**PROMPT**
Everything in the data gets repeated exactly, except for the pictures.

--- MATERIAL FOR THIS EXERCISE ---

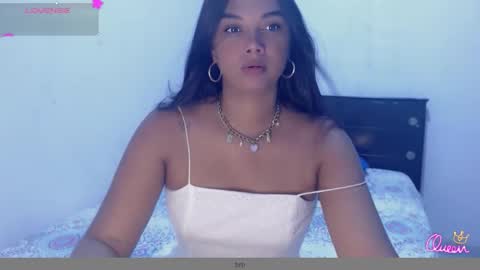 GIGI instagram gigi sj1994 online show from March 18, 10:15 pm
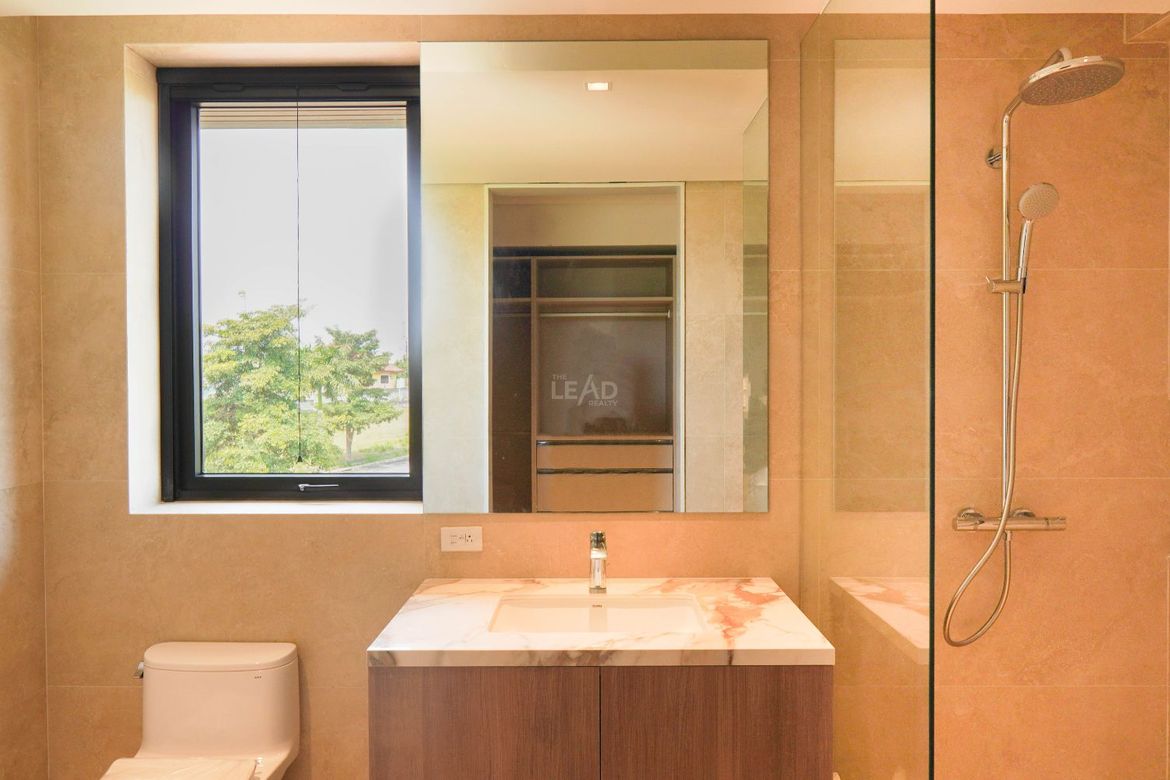4 Bedroom House for Sale in Alabang West Village, Almanza Dos, Las Piñas, Metro Manila – photo 6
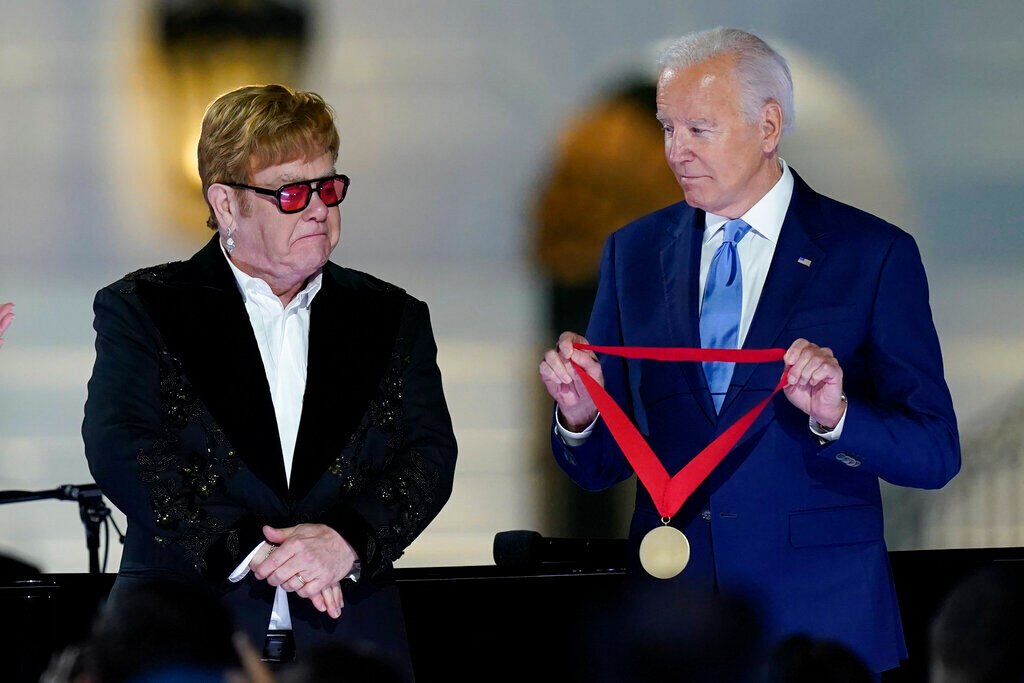 elton-john-teary-eyed-upon-receiving-medal-from-president-biden-during-white-house-concert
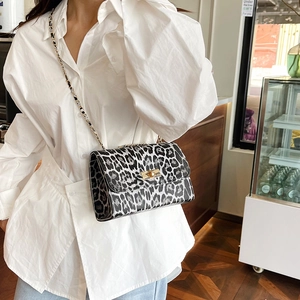 Sac bandoulière chic à motif léopard noir et blanc avec boucle dorée et chaîne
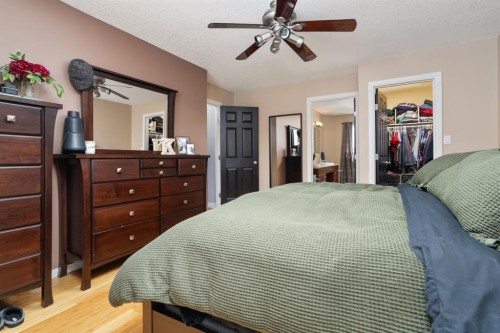 5204 33 Avenue, Camrose, AB - Indoor Photo Showing Bedroom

---

**OUTPUT FOR THIS TASK**
 GIGI instagram gigi sj1994 online show from March 18, 10:15 pm
4 Bedroom House for Sale in Alabang West Village, Almanza Dos, Las Piñas, Metro Manila – photo 6
 elton-john-teary-eyed-upon-receiving-medal-from-president-biden-during-white-house-concert
 Sac bandoulière chic à motif léopard noir et blanc avec boucle dorée et chaîne
 5204 33 Avenue, Camrose, AB - Indoor Photo Showing Bedroom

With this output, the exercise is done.